Starting with the line that includes "On the other", write out every remaining line of the records below exactly as it appears, leaving out any images.

**RECORDS FOR THE EXERCISE**
=== Section Start ===

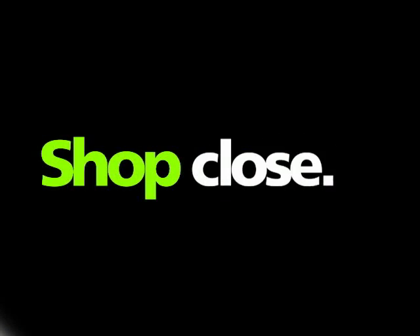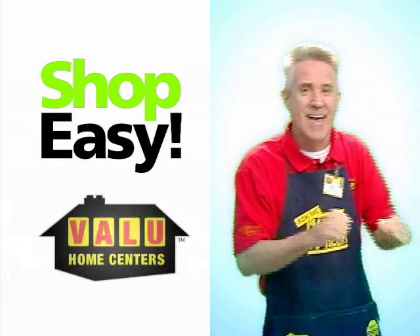Shop quick. Shop close. Shop now. Shop easy. Shop Value.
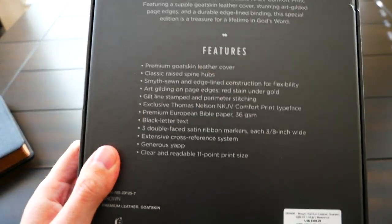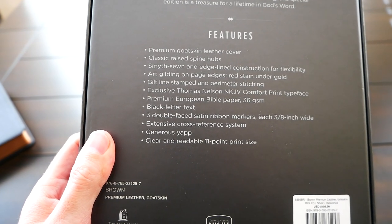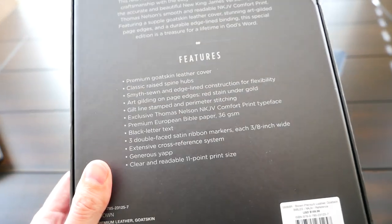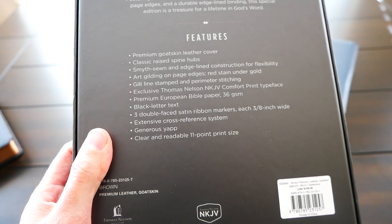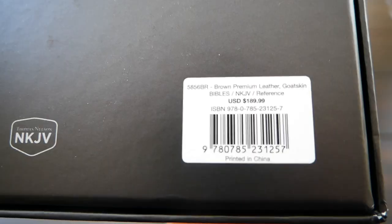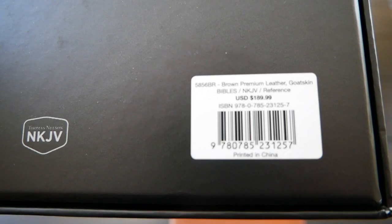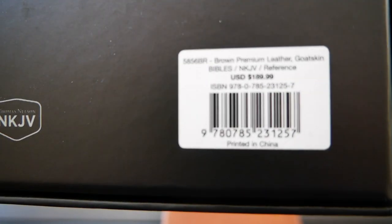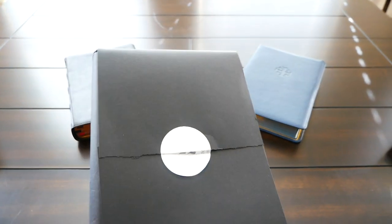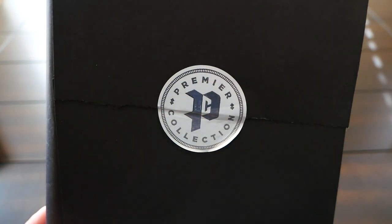You can see the features here. This is another one in the Premier Collection, so premium goatskin leather cover and a very important upgrade from the first in line Premier is the raised hubs. Here's the ISBN and also the retail price. Of course, you can get this for less — they go for way less, so I'll leave a link down below. It comes wrapped in this beautiful black paper like all the Premiers, with a seal. It's really, really nice. I love it.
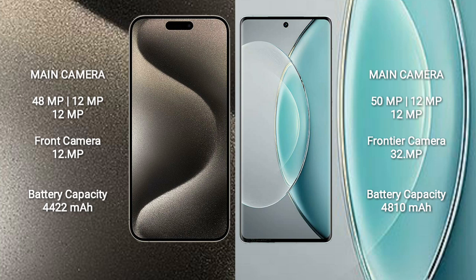iPhone 15 Pro Max has a 4422mAh battery with 33W fast charging support. Vivo X90s has a 4810mAh battery with 120W fast charging support.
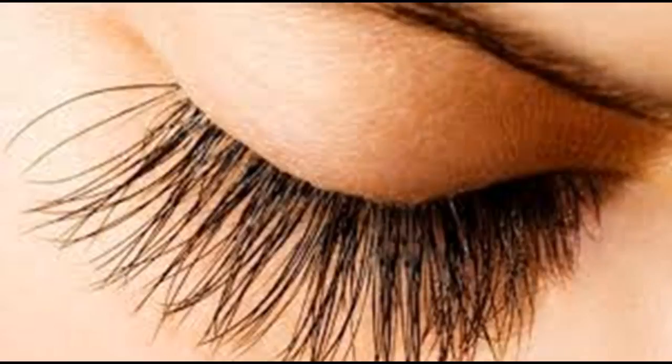How to grow your lashes. Long, full lashes are a beauty dream that many women share, but for some, this can be hard to achieve. If you struggle to grow your lashes, consider trying a few of the following techniques to improve overall lash growth.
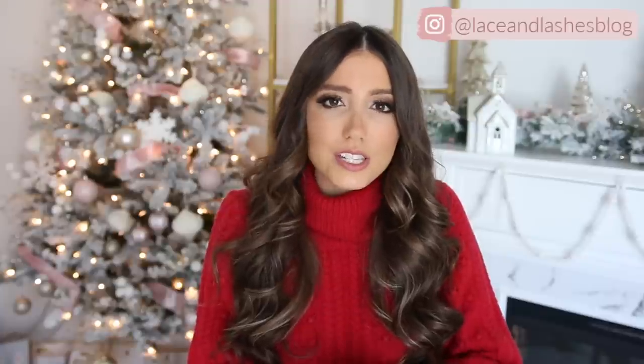I'll have everything linked down below in the description box in case you want to check any of it out. Give this video a thumbs up if you are loving all the holiday content, and let me know if you have any other holiday video requests down below. I'd also like to say a big thank you to Nordstrom for partnering with me on today's video. Also definitely stay till the end because I'm going to be sharing a lot of different cyber deals that Nordstrom is doing.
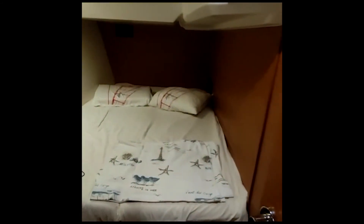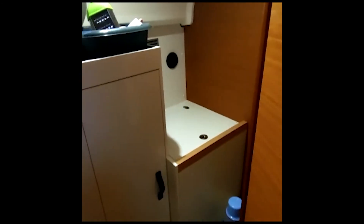On the other side — starboard — we have the galley and the entrance to the guest cabin, which has a double bed. Instead of a third toilet, there is a utility room with a lot of storage. This boat also has air conditioning, a bow thruster, a generator, and all the utilities for personal use by the owner.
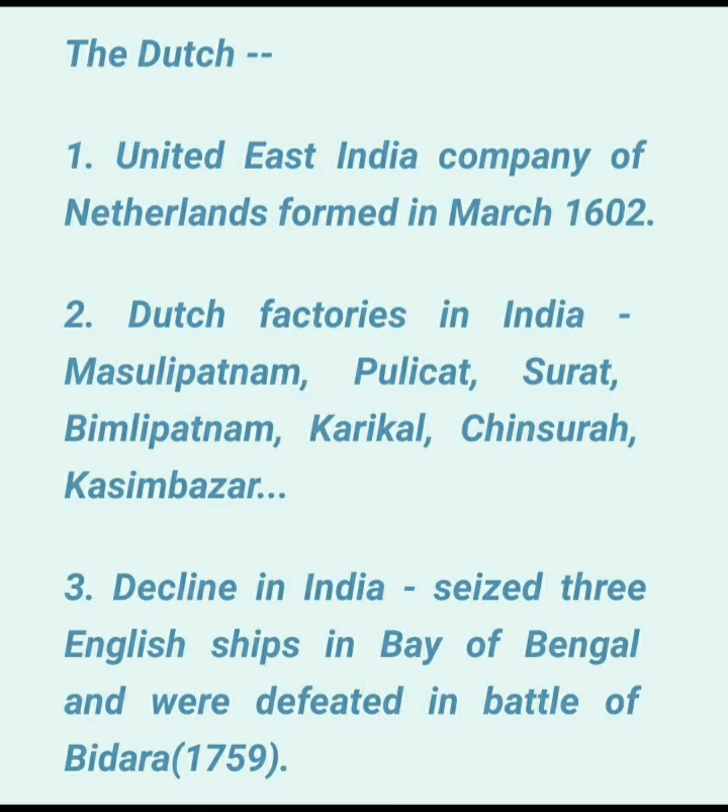Nagpatnam in 1658 and Cochin in 1663. They established so many factories and traded from these factories, also fortifying them to protect from enemies.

=== Section End ===

**ANSWER TO THE EXERCISE**
On the other side — starboard — we have the galley and the entrance to the guest cabin, which has a double bed. Instead of a third toilet, there is a utility room with a lot of storage. This boat also has air conditioning, a bow thruster, a generator, and all the utilities for personal use by the owner.
Nagpatnam in 1658 and Cochin in 1663. They established so many factories and traded from these factories, also fortifying them to protect from enemies.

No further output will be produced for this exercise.